A macpherson is a funny linkage, the strut is directly fixed to the wheel, and for most applications the strut is more or less vertical, hence MR=1. As you lean the strut over more this relationship gets upset, but you rapidly degrade the smoothness of the mechanism (for instance if you lean the strut right over parallel to the lower arm the thing becomes a variable length swing arm - no use to man or beast.

[gruntguru]

I have to ask again and this regards gruntguru's reply. If I construct a twice life scale of the strut and flip it up side down, like a one seat see saw and press down on what is the tire's center line, then move the tire's center line 50% farther from the inner pivot, why wouldn't the force required to push down on the strut be half?

If we flip the strut back over I see the ground pushing up on the tire...

Or am I mis-applying leverag equations? This is rudimentary, i know...I refer you back to my thick headed note...

If the tyre (wheel) was fixed to the control arm (ie swing axle type suspension) you would be correct - double the distance from the pivot to the wheel -> double the wheel travel -> half the wheel rate. But the wheel is fixed to the strut. If there is no camber change, the wheel travel is the same no matter how far you offset it from the car.

Imagine you have dual wheels with a tyre only fitted to one of them. If they "translate" up and down together (no camber change), it doesn't matter which wheel you fit the tyre to, the travel for a given spring displacement and therefore the "wheel rate" is the same for both. In the case of the "swing axle suspension" (lots of camber change) the wheel travel for the two wheels is very different and so the wheel rate will also be very different.

[Powersteer]

for instance if you lean the strut right over parallel to the lower arm the thing becomes a variable length swing arm - no use to man or beast.
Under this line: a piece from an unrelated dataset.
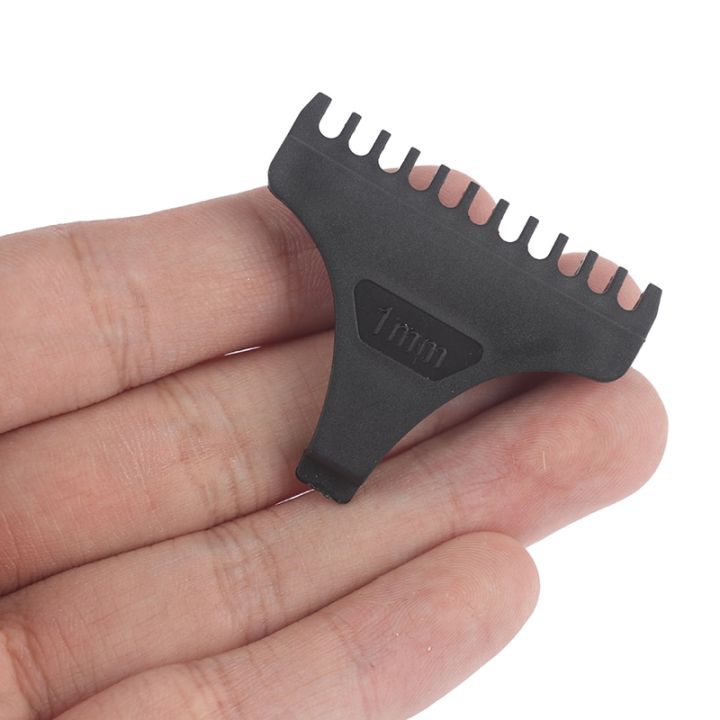 %E3%80%90Daily%20Necessities%20For%20Anyone%20Store%E3%80%911/3Pc%201/3/6mm%20Hair%20Clipper%20Limit%20Guide%20Guard%20Attachment%20Size%20Barber%20Replacement%20Electric%20Hair%20Clipper%20Shaver%20-%20Image%204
So if the chassis flex the suspension will be all over the place. So harder bushings and strut cross bracing would help a lot then.

[cheapracer]

Okay, I understand how to measure this now. The arc cheapracer is describing is from the instant center, yes?

The arc is controlled by the LCA pivot, from there the length of the LCA to the LBJ, the LCA's starting angle, the pivot or determining guide at the top of the strut, the distance that is from the LBJ as well as the distance from the wheel (vertical) centerline and thats only 2 dimensional speak - you must add a 3rd dimension (or not) depending on where your 2nd LCA pivot is or track rod is mounted.

LCA = lower control arm
LBJ = lower ball joint

[Greg Locock]

Here's a rule of thumb, for a fairly conventional looking geometry, MR=0.93, move the top of the strut in by 100 mm, MR=0.83

I realise that's not quite what you were asking.

If on the other hand you move the wheel out by 150, the MR of the original strut geometry changes to 78% (that is effectively applying an enormous offset to the wheel, only).

[Greg Locock]

Neil reminds me that the demo version of susprog3d includes a macp setup, so i suspect you could answer many of these questions with that.

[meb58]

I guess I was using Swing arm logic

Greg, I wasn't asking exactly that, but your reply was very helpful...huge, perhaps unrealistic changes do not upset Mac Strut MR all that much. So 5-15mm is nearly insignificant...even when combined with a little more neg camber.

cheapracer, gruntguru, thank you...the dual wheel example is a good one.